Garrett Martin’s 10 Best Videogames of 2019

It’s a little redundant for me to toss up my own “best of” list for 2019. I’ve been editing this section for almost a decade—the whole damn thing reflects my tastes and opinions, and that’s especially true of our year-end lists. Yes, the games section’s assistant editor, Holly Green, and all of our writers contribute to those “best of” lists, both by voting in them and by writing some of the blurbs, but at the end of the day the final order is my decision, and that’s obviously going to reflect my own thoughts to a sizable degree. If you compare the list below to our overall best of the year list, you’ll see a lot of similarities. This is why my personal list wasn’t a big priority for me in the way that Holly’s personal top 10, which went up at the very start of 2020, was.
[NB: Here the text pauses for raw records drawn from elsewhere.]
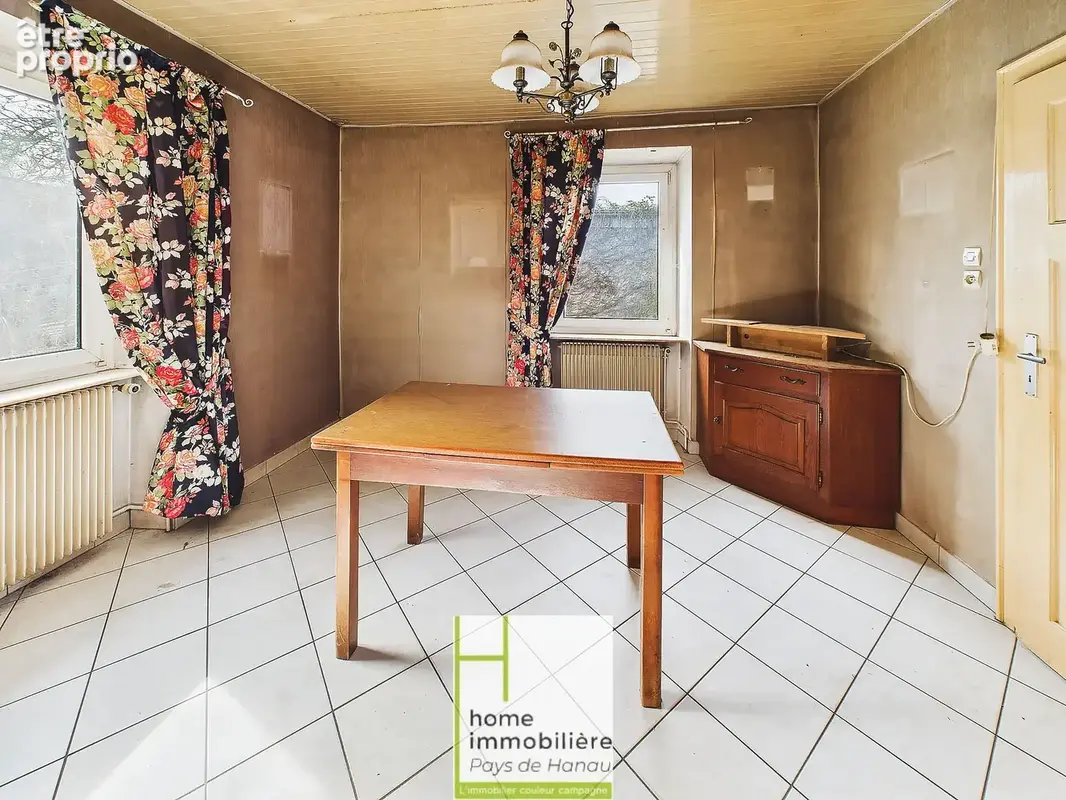 Phalsbourg - ferme - 117,84 m2 - f5 - photo 6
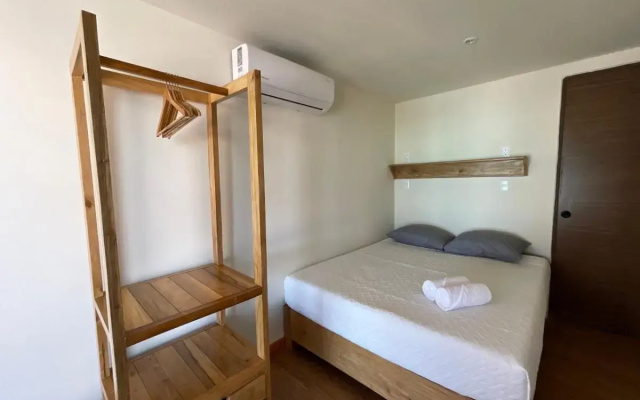 Hotel Solana Bacalar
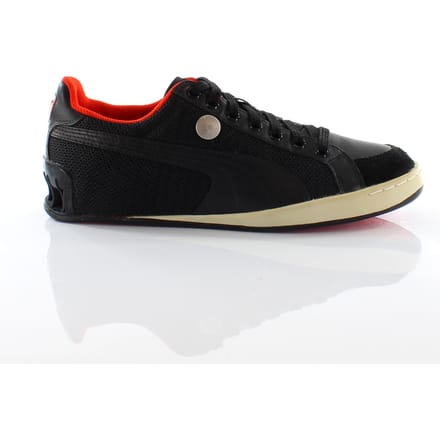 Puma Mihara Yasuhiro MY-20 Black Low Lace Up Herentrainers 344429 01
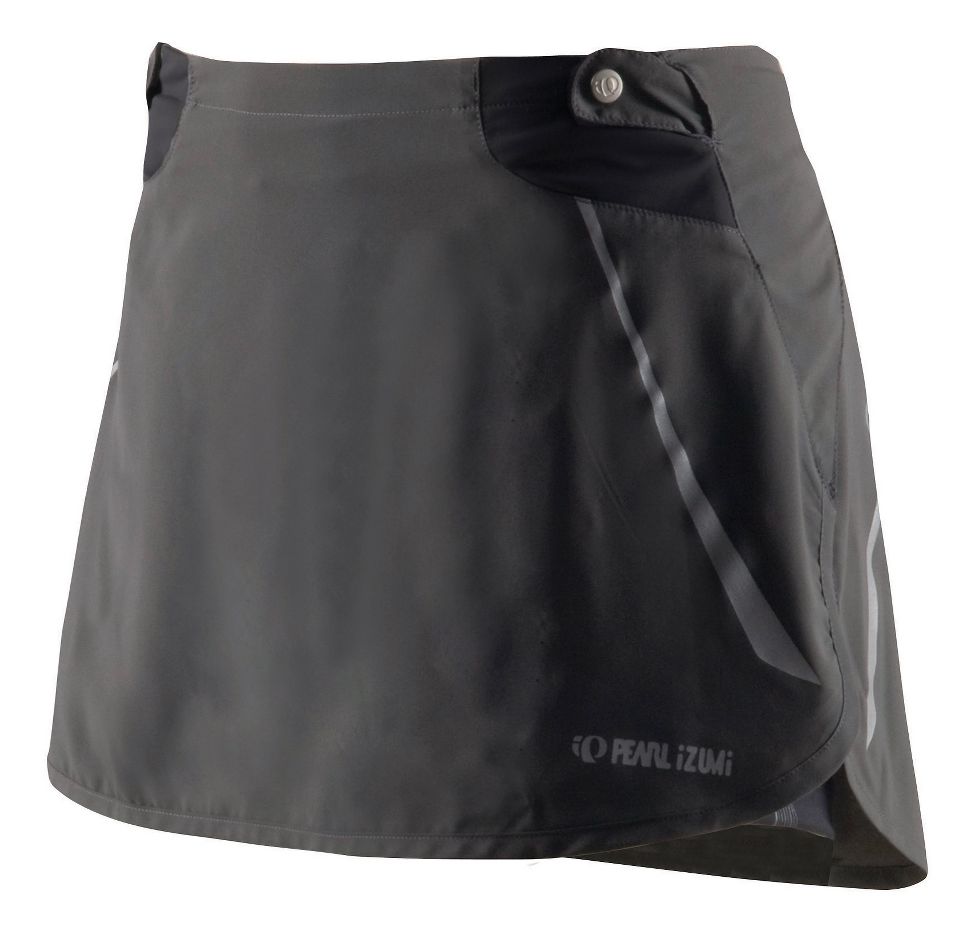 Womens Pearl Izumi Infinity Run Skirt Fitness Skirts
Still: it makes sense to publish this. Maybe you actually somehow respect my opinions and want to know where my personal tastes differ from that main list. Maybe you’re just interested in trying to figure out how much my personal tastes influence that list—in which case you’ll notice that a few of my 10 favorite games came in very low on that overall top 30. Maybe you’re just trying to kill some time at work on an endless afternoon, or idly staring at your phone on a train or bus or something. Maybe you have no idea how you got here and no idea why and have already skipped off to the next web page. I don’t know what’s up with you, but I’m always down to listen. Whatever brought you here, let me just say one thing to you: Thanks.
Here are some games I liked last year.
10. Star Wars Jedi: Fallen Order
Fallen Order stacks some of the best parts of Metroid, Dark Souls and Uncharted inside a Star Wars trench coat, but that isn’t the smartest thing it does. That would be how it squarely centers on the stress and trauma of its characters. PTSD should be rampant in this universe, considering war is all anybody seems to know, and yet within the Star Wars canon it’s rarely been focused on as keenly or depicted as clearly as it is here. Its lead characters aren’t all that likable, for reasons that are both intentional and unintentional, and that is a flaw; still, they feel a bit more human than what you normally see in games and Star Wars stories, and that, combined with the guaranteed to please gameplay formula, makes Fallen Order a Star Wars highlight.
9. Dear Reader
For the last three months my nights have all ended the same way: with me staying up way too late playing Dear Reader on my phone. On the hardest setting, Dear Reader turns excerpts from some of the most important works of literature (all in the public domain, naturally) into stressful word puzzles. Blanks need to be filled, words need to be rearranged, letters need to be guessed, and along the way you’ll basically be reading Cliffs Notes on dozens of books you probably should’ve read in high school. The sheer volume is almost overwhelming—not just in terms of books (I’ve currently unlocked 31 volumes, ranging from Moby Dick to the works of Sappho), but also the variety of different types puzzles that become available. I’ve poured dozens of hours into this mobile game, and I still haven’t reached the end of either.
8. Super Mario Maker 2
Super Mario Maker 2 has the same impact as the original, only with an updated set of options. It still leaves Mario exposed, not just giving you the tools to design your own levels but walking you through the process step by step. Sure, it’s not how these games are really made—you won’t be doing any coding or creating any art assets—but you can still learn some of the basics of level design, and have the freedom to follow or flout those rules as you see fit.
Freedom is the foundation of Super Mario Maker 2, and that freedom is a big reason why it’ll be hard to go backwards to a traditional side-scrolling Mario game after this. It lets us break the game apart and put it back however we see fit, and no matter how seamlessly Nintendo glues it all back together in the future, we’ll still see those cracks and see how everything fits into place. Even if Nintendo was still designing side-scrolling Mario levels as ingeniously as they were in the ‘80s and ‘90s, we would simply know too much to once again feel the way we used to feel about them.
7. Ape Out
Slaughtering tons of dudes has never felt so morally appropriate before. Ape Out makes a statement about animal abuse by focusing on a gorilla lab subject’s violent escape from captivity. It has the mechanical precision and deceptively deep game loop of a classic arcade game, but with a gorgeous aesthetic based on Saul Bass art and jazz percussion. Levels are packaged as if they’re tracks on old LPs, and the whole game looks like the cover to Miles Davis’s greatest hits come to life. It looks and sounds amazing, feels good to play, and has a just and socially relevant message, to boot.